ACTIVITY:
Take the line that contains "Los Angeles Dodgers" and each one after it through the last line below, and retype them exactly. Leave out the pictures.

[Short descriptive text snippets]
═══
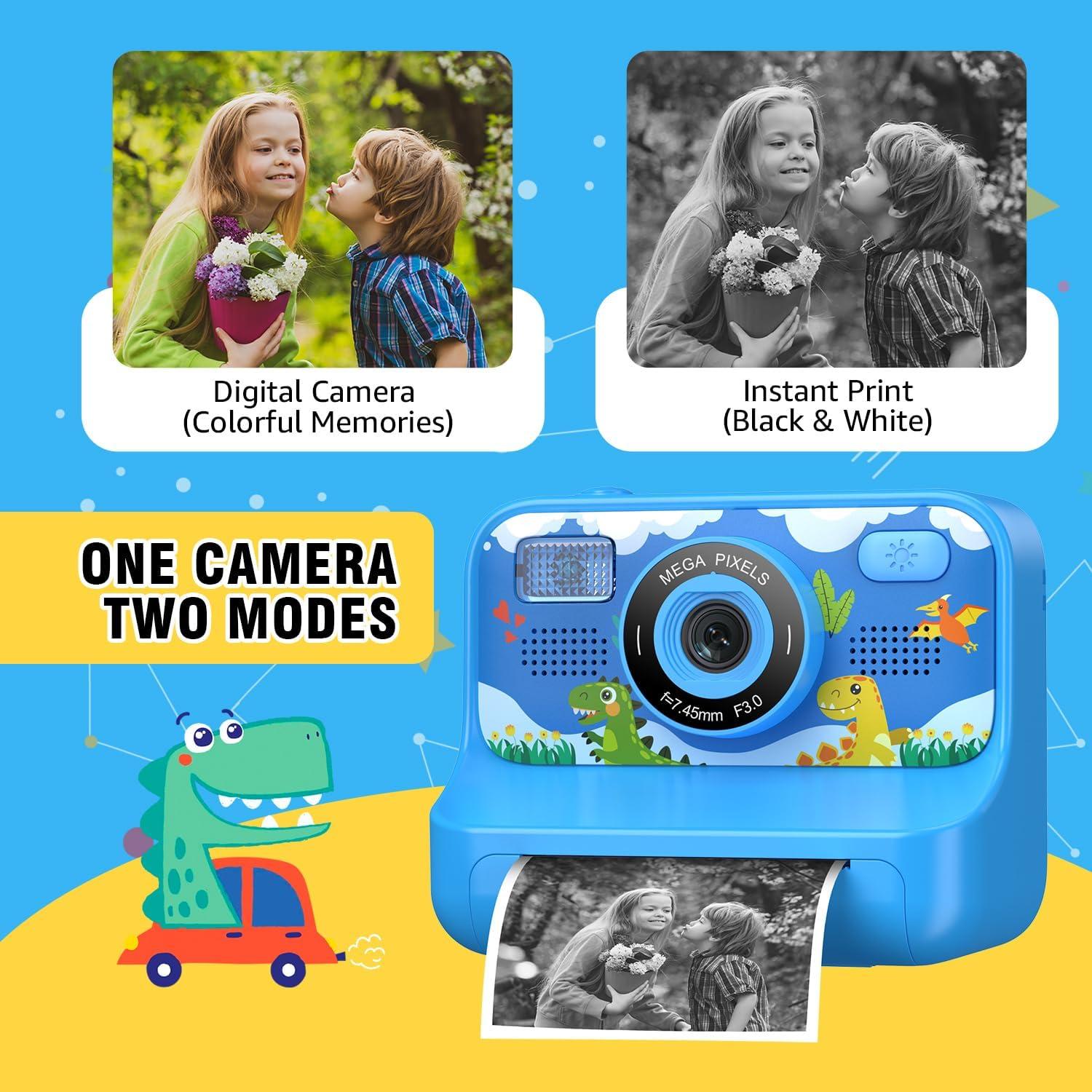 Cámara Instantánea para Niños Z12 1080P HD con Impresora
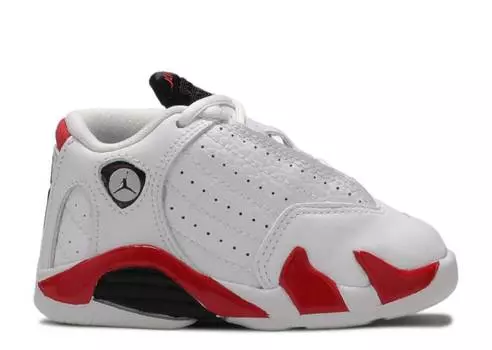 Кроссовки AIR JORDAN 14 RETRO TD 'CANDY CANE' 2019, белый
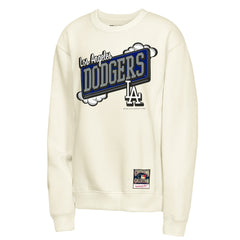 Los Angeles Dodgers Mitchell & Ness Youth Retro Billboard Sweatshirt - Natural Sweatshirts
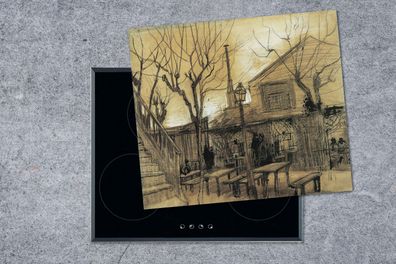 Herdabdeckplatte - 75x52 cm - Gartenrestaurant la Guinguette in Montmartre - Vincent
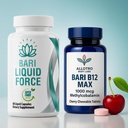 Bariatric Multivitamin and B12 Max Combo Pack | Liquid Filled Multivitamin with Antioxidants, Iron & Sublingual Methylcobalamin B12 for Post Bariatric Surgery, Gastric Sleeve, Bypass, SADI & Lap Band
═══
PROBLEM SOLUTION:
 Los Angeles Dodgers Mitchell & Ness Youth Retro Billboard Sweatshirt - Natural Sweatshirts
 Herdabdeckplatte - 75x52 cm - Gartenrestaurant la Guinguette in Montmartre - Vincent
 Bariatric Multivitamin and B12 Max Combo Pack | Liquid Filled Multivitamin with Antioxidants, Iron & Sublingual Methylcobalamin B12 for Post Bariatric Surgery, Gastric Sleeve, Bypass, SADI & Lap Band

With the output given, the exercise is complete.